The Neoverse V1: A New Maximum Performance Tier Infrastructure CPU

Today, we’re ready to take the next step towards the next generation of the Neoverse platform, not only revealing the CPU microarchitecture previously known as Zeus, but a whole new product category that goes beyond the Neoverse N-series: Introducing the new Neoverse V-series and the Neoverse V1 (Zeus), as well as a new roadmap insertion in the form of the Neoverse N2 (Perseus).

The new Neoverse V1 introduces the new V-series into Arm’s infrastructure IP portfolio, and essentially this represents the company’s push for higher absolute performance, no matter the cost.

Earlier this spring we covered the company’s new mobile Cortex-X1 CPU IP which represented significant business model change for Arm: Instead of offering only a single one-fits-all CPU microarchitecture which licensees had to make due with in a wider range of designs and performance points, we’ve now seen a divergence of the microarchitectures, with one IP offering now focusing on pure maximum performance (Cortex-X1), no matter the area or power cost, while the other design (Cortex-A78) focuses on Arm’s more traditional maximised PPA (Power, Performance, Area) design philosophy.

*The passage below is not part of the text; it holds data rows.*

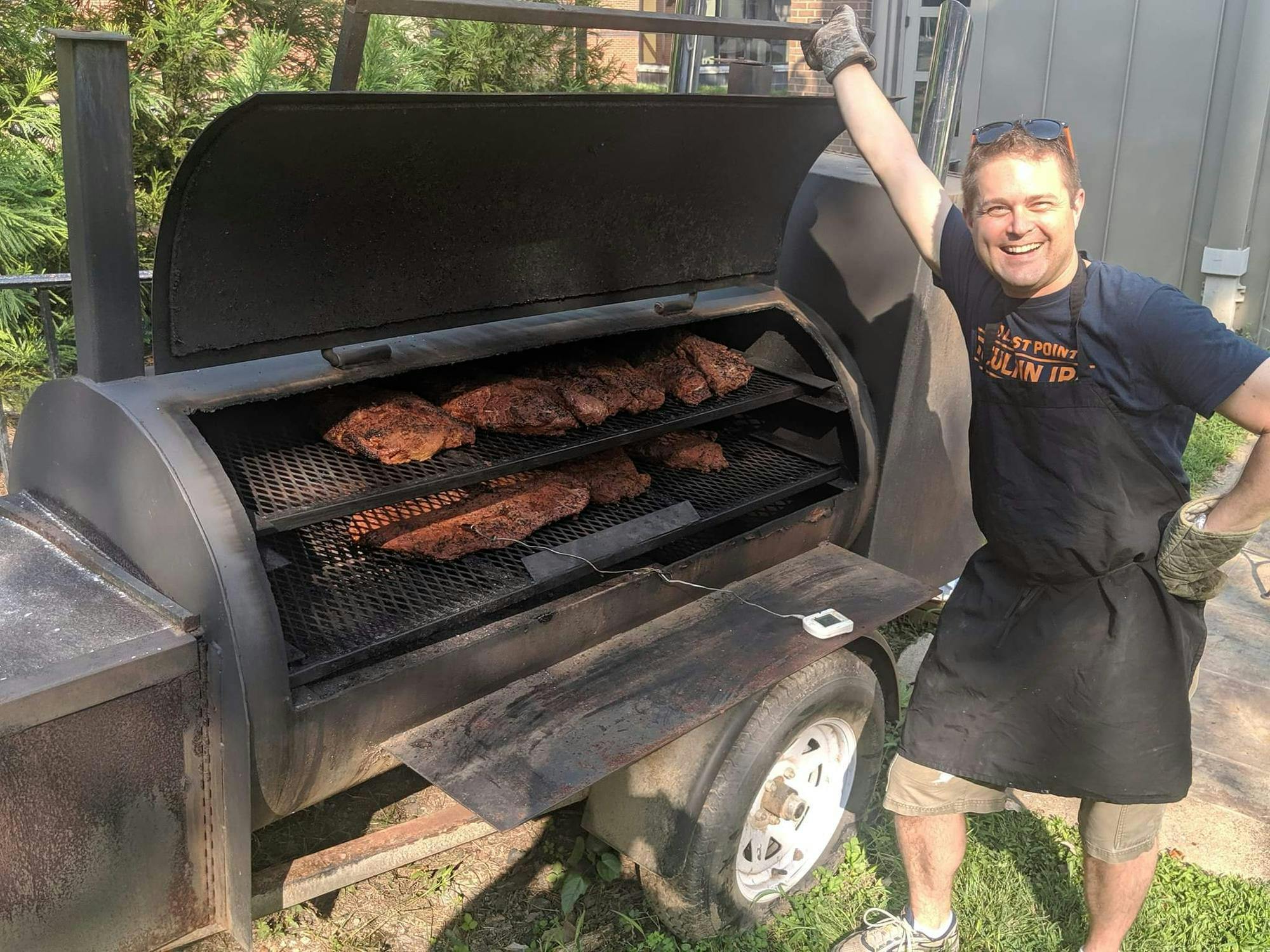 BBQ2.jpg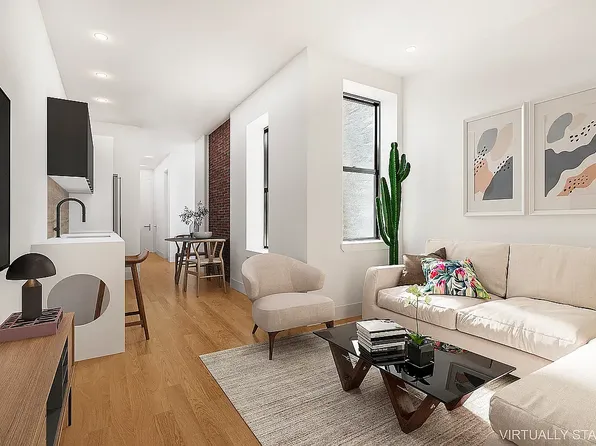 385 Chauncey Street image 1 of 9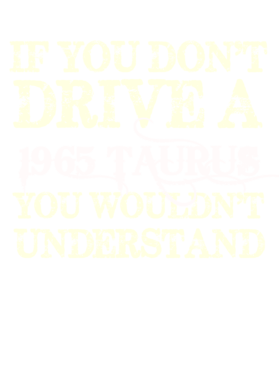 https://s3.us-west-1.wasabisys.com/ecart-content/cargeektees.com/overlays/118/626/1186263.png img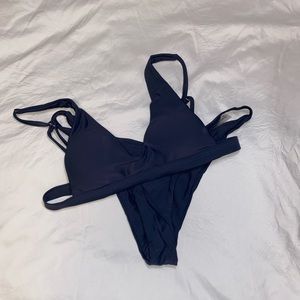 Zaful Brand New Bikini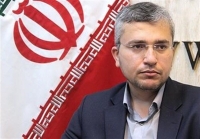 رضایی: مالکیت و تولید پهپادها خلاء قانونی دارد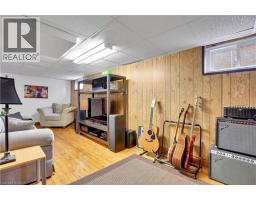142 LANCASTER Street W - 29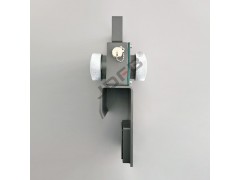 DHY0.2/3.6L(A)矿用本安型机车红尾灯LED信号灯图3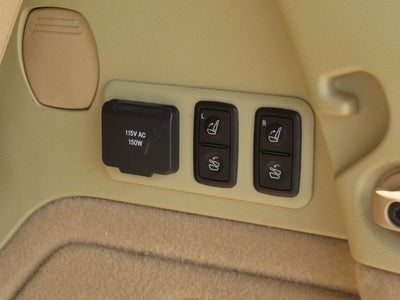 2012 Mercedes-Benz GL 450 GL 450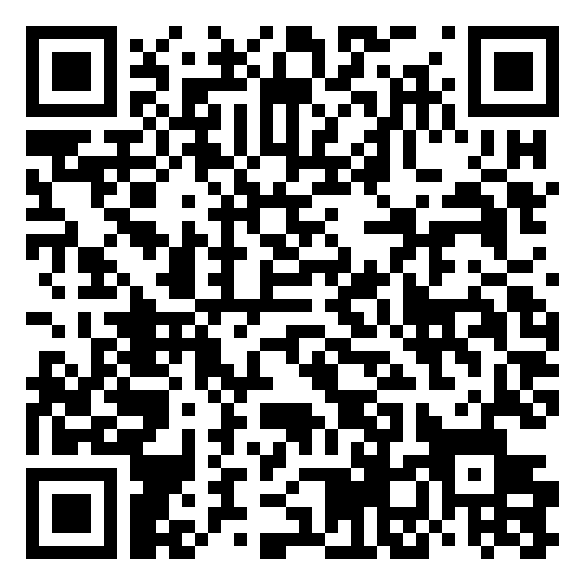 QR code 12274265500000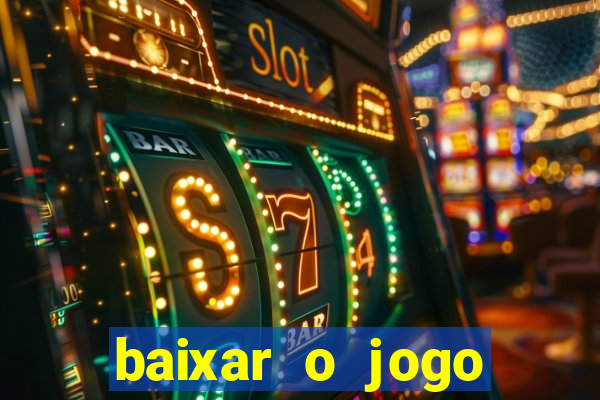 baixar o jogo subway surfers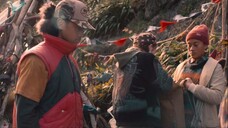 [S01E05] Secrets At Red Rocks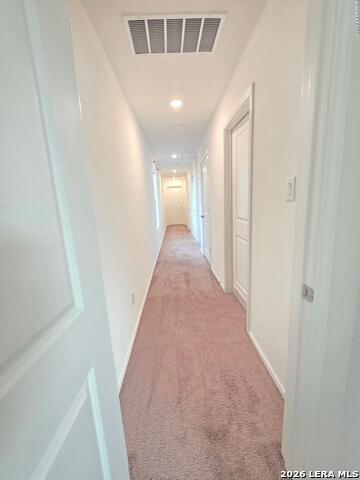 20438 Onyx Ring Property Photo 22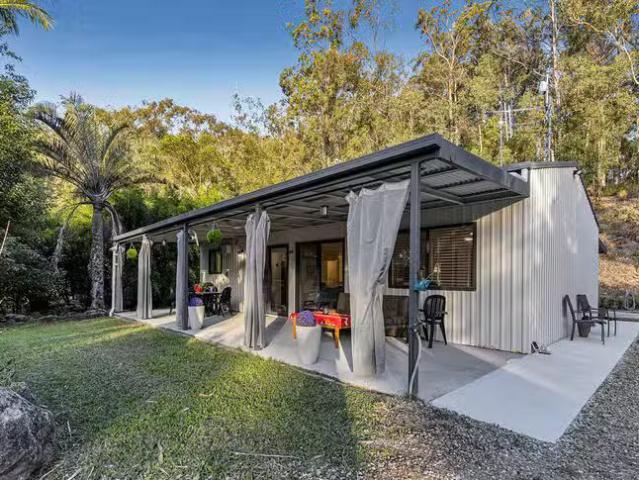 House for rent in Fernbrook, Queensland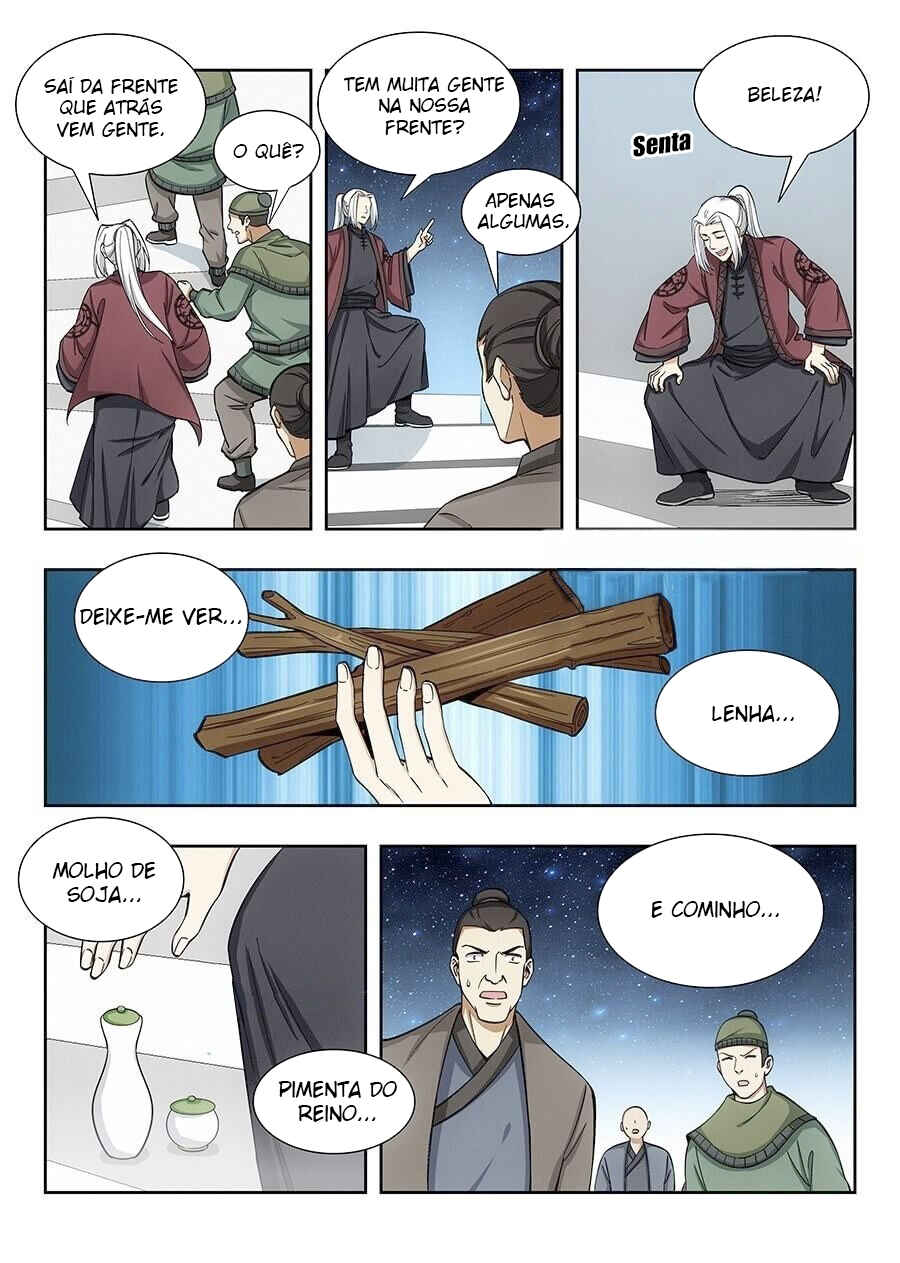 Página 11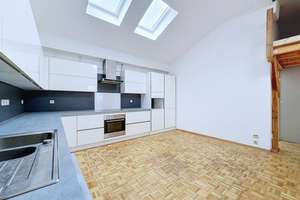 7-Zimmer-Maisonette im Winterfeldtkiez! – Winterfeldtstr. 7, 10781 Schöneberg, Berlin – Vorschaubild 40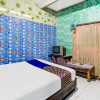 Отель SPOT ON 91060 Villa Wijaya Homestay, фото 5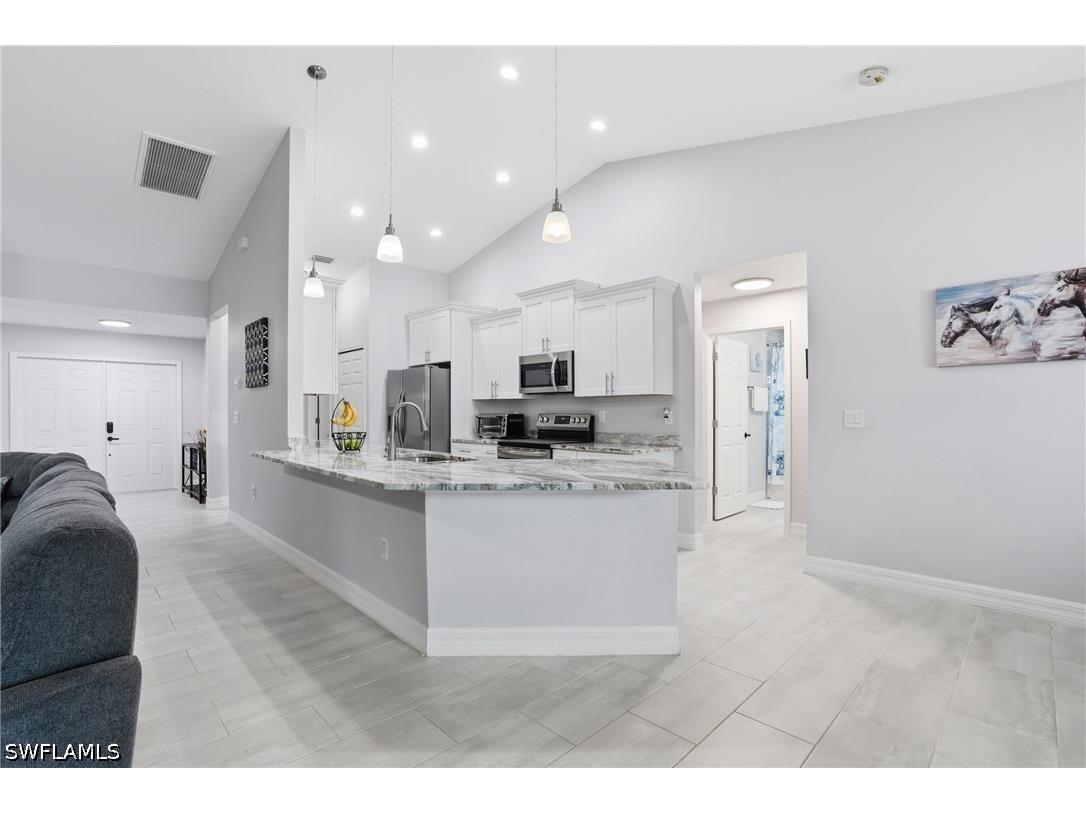2907 18th Street SW Lehigh Acres FL 33976 226017776 image17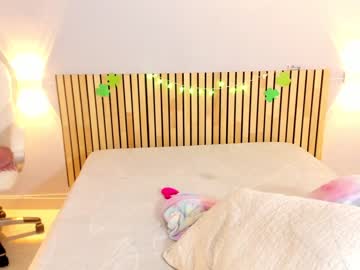 girl cam all day little_effy18 image #3972377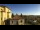 Webcam in Benevello, 8.4 km entfernt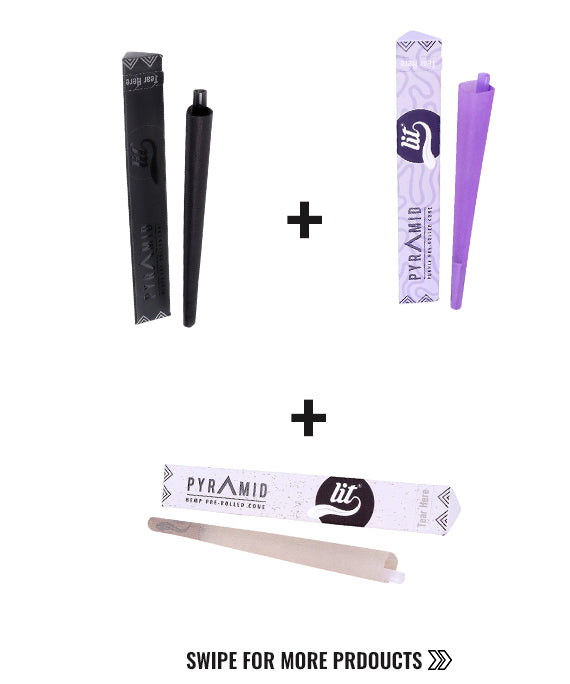 The Ultimate 420 Pro Kit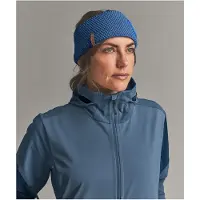 Ortovox Ortler Softshell Plus Jacket Damen - Softshelljacke - light nunatak - S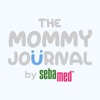 The Mommy Journal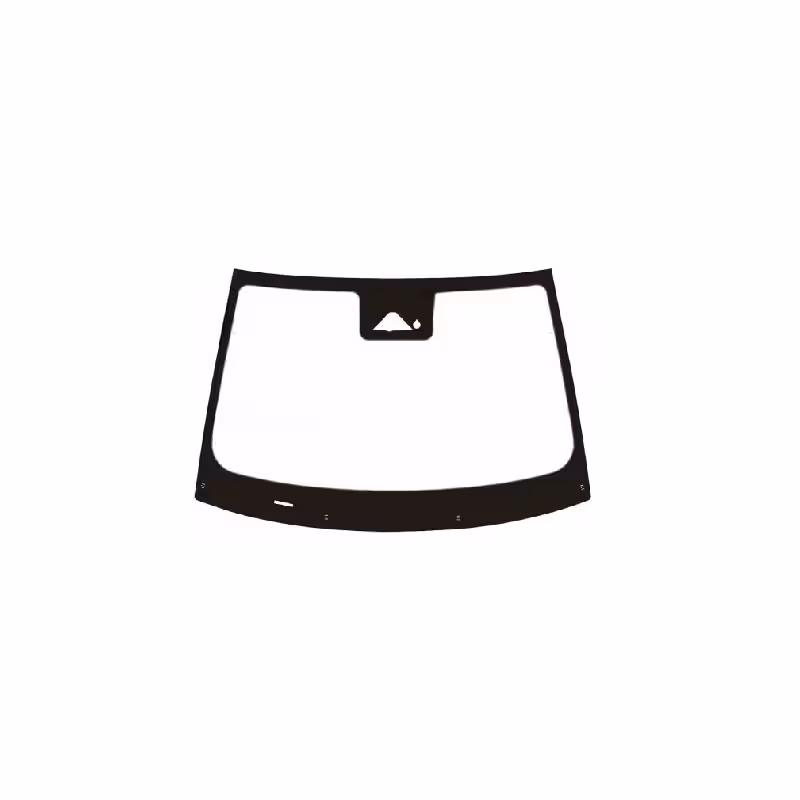 شیشه جلو فونیکس FX پریمیوم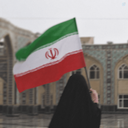 Profile picture of ‌گـمنام🖐🏻‌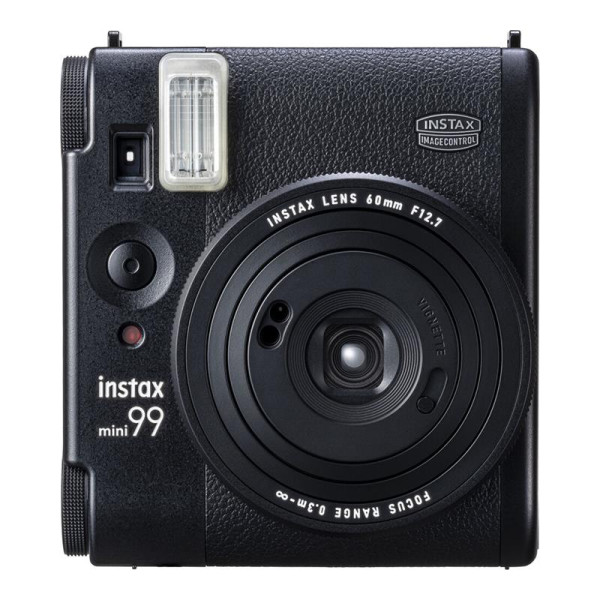 Fuji instax mini 99™ black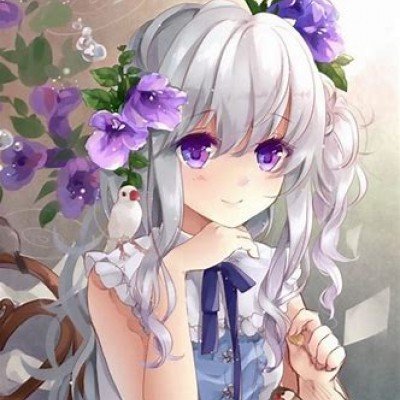 内存降价你买到了吗？攒机剩下的我帮你推荐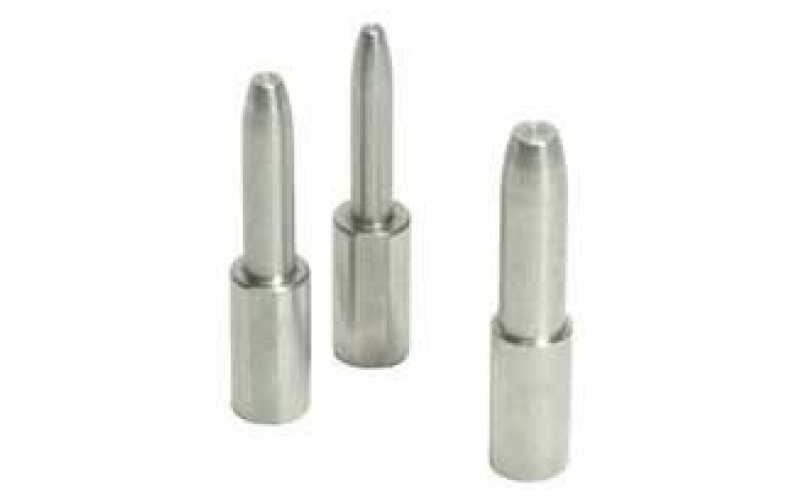 Sinclair International 9.3mm (0.365'') stainless expander mandrel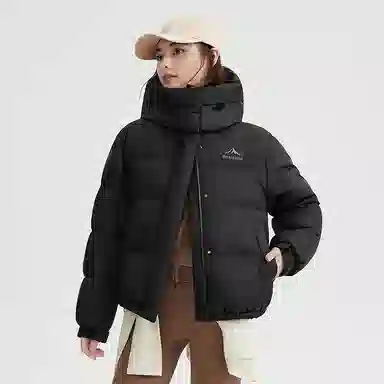 90680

The Zeus microarchitecture in the form of the Neoverse V1 is essentially the infrastructure counterpart to what Arm has achieved in the mobile IP offering with the Hera Cortex-X1 CPU IP: A focus on maximum performance, with a lesser regard to power and area.

This means that the V1 has significantly larger caches, cores structures, using up more area and power to achieve unprecedented performance levels.

In terms of generational performance uplift, it’s akin to Arm throwing down the gauntlet to the competition, achieving a ground-breaking +50 IPC boost compared to Neoverse N1 that we’re seeing in silicon today. The performance uplift potential here is tremendous, as this is merely a same-process ISO-frequency upgrade, and actual products based on the V1 will also in all likelihood also see additional performance gains thanks to increased frequencies through process node advancements.

If we take the conservatively clocked Graviton2 with its 2.5GHz N1 cores as a baseline, a theoretical 3GHz V1 chip would represent an 80% uplift in per-core single-threaded performance. Not only would such a performance uptick vastly exceed any current x86 competition in the server space in terms of per-core performance, it would be enough to match the current best high-performance desktop chips from AMD and Intel today (Though we have to remember it’ll compete against next-gen Zen3 Milan and Sapphire Rapids products).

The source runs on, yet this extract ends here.